Exercise aim -> Omit every picture, then return the listing verbatim.

Data provided ->
----

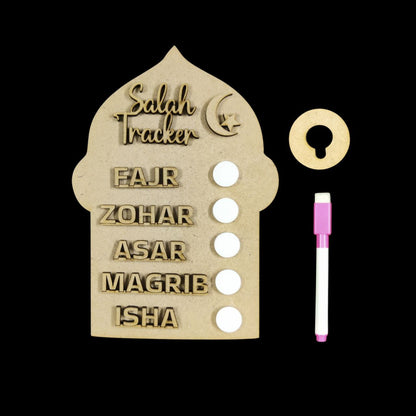 Salah Namaz Tracker - Moon & Star - DIY Islamic Collection (MDF)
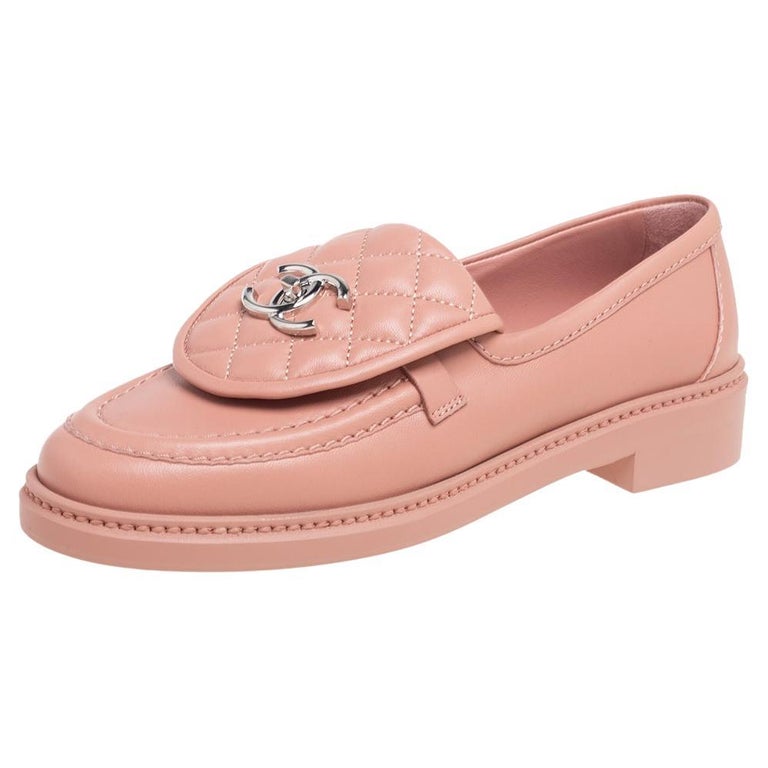 Chanel Pink Quilted Leather Flap Turn Lock CC Loafers Size 37 Chanel
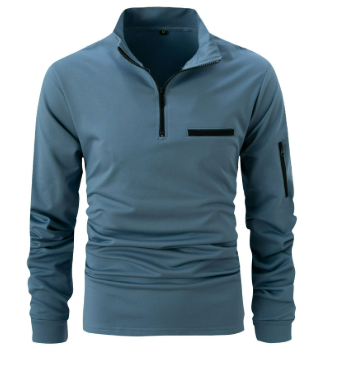 Heren Pullover met halve rits | Kwart rits | Lange mouwen | Rits poloshirt | Heren poloshirt-Boetiek Moda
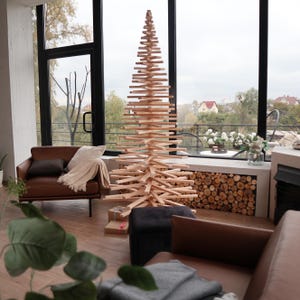 Large Wooden Christmas Tree 83 Inch, Tall Tree Gift, Mini Xmas Decor, Rustic Holiday Decoration, 210 cm Height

----

Written answer ->
 Salah Namaz Tracker - Moon & Star - DIY Islamic Collection (MDF)
 Chanel Pink Quilted Leather Flap Turn Lock CC Loafers Size 37 Chanel
 Heren Pullover met halve rits | Kwart rits | Lange mouwen | Rits poloshirt | Heren poloshirt-Boetiek Moda
 Large Wooden Christmas Tree 83 Inch, Tall Tree Gift, Mini Xmas Decor, Rustic Holiday Decoration, 210 cm Height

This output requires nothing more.